“Dünya Hali” ile seyirci karşısına çıktınız... Nasıl bir film oldu?

- Bir romantik komedi. Çok tatlı bir iş olduğuna inanıyorum, sıcacık bir enerjisi var. Yüzünüzde tebessümle izleyeceğiniz, yer yer gülüp yer yer duygulanacağınız bir film. Filofobi konusunu işliyor.

O nedir?

- Âşık olma korkusu bu... Gizem, yani benim canlandırdığım karakter, dergide çalışan ve enerjisi hayli yüksek bir kız. Bir gün filofobik biriyle röportaj yapması gerekiyor. Serdar ise Gizem’e platonik şekilde âşık ve onunla iletişime geçebilmek için filofobikmiş gibi davranıyor. Sonrasında olanlar oluyor.

Senaryoyu okur okumaz “tamam” dediğiniz bir iş miydi?


- Senaryoyu ilk okuduğumda heyecanlandım çünkü ilk defa böyle bir karakter canlandı-racaktım. Hayata pozitif bakan, içinde kıskançlık veya fesatlık olmayan, enerjisi yüksek bir kız Gizem, o yüzden çok sevdim. Dergide çalışıyor fakat asıl hayali gazeteci olmak. İdealist bir kız.

Başrolü Murat Dalkılıç’la paylaştınız? Enerjiniz tuttu mu? Nasıl bir ikili oldunuz sizce?

- Çok keyifliydi onunla çalışmak. Partner uyumu tabii ki çok önemli ve bizim de iyi bir enerji yakaladığımıza inanıyorum, o yüzden çok mutluyum.

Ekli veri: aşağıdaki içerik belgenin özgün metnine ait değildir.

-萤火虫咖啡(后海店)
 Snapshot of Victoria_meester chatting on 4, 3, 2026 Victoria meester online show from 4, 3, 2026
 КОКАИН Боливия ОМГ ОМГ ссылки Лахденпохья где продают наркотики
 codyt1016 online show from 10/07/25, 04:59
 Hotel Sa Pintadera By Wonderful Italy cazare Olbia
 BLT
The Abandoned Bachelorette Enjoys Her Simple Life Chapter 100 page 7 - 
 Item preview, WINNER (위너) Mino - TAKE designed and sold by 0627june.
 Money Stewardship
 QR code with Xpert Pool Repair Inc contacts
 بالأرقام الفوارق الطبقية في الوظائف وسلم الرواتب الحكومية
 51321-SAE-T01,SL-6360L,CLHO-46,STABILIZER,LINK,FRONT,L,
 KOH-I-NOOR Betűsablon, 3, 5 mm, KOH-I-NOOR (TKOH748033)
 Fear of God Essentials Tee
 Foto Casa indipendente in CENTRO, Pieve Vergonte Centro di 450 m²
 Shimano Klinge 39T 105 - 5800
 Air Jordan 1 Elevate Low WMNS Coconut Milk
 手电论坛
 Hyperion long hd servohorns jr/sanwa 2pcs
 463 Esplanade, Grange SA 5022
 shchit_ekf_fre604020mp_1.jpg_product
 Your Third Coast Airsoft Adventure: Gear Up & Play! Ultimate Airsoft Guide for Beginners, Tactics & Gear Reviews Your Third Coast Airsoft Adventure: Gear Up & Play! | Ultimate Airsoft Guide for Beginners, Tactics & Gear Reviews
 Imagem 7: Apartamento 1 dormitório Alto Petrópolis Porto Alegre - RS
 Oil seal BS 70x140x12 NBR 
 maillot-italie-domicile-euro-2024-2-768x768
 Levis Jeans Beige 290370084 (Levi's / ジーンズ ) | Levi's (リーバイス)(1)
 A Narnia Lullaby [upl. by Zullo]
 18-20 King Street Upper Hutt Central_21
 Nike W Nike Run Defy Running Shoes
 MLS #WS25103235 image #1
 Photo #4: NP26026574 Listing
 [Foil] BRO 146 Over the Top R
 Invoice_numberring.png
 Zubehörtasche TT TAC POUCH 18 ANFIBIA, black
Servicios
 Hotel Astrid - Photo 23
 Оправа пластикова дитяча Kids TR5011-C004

Murat Dalkılıç ile ilgili aşk dedikodularına ne diyorsunuz peki? Aslı var mıdır bu iddianın?

- Çoğu oyuncunun yaşadığını yaşadık, bizim hakkımızda da böyle bir şey yazıldı. Fakat Murat da ben de gerekli açıklamayı yaptık zaten, bizim aramızda hiçbir şey yok.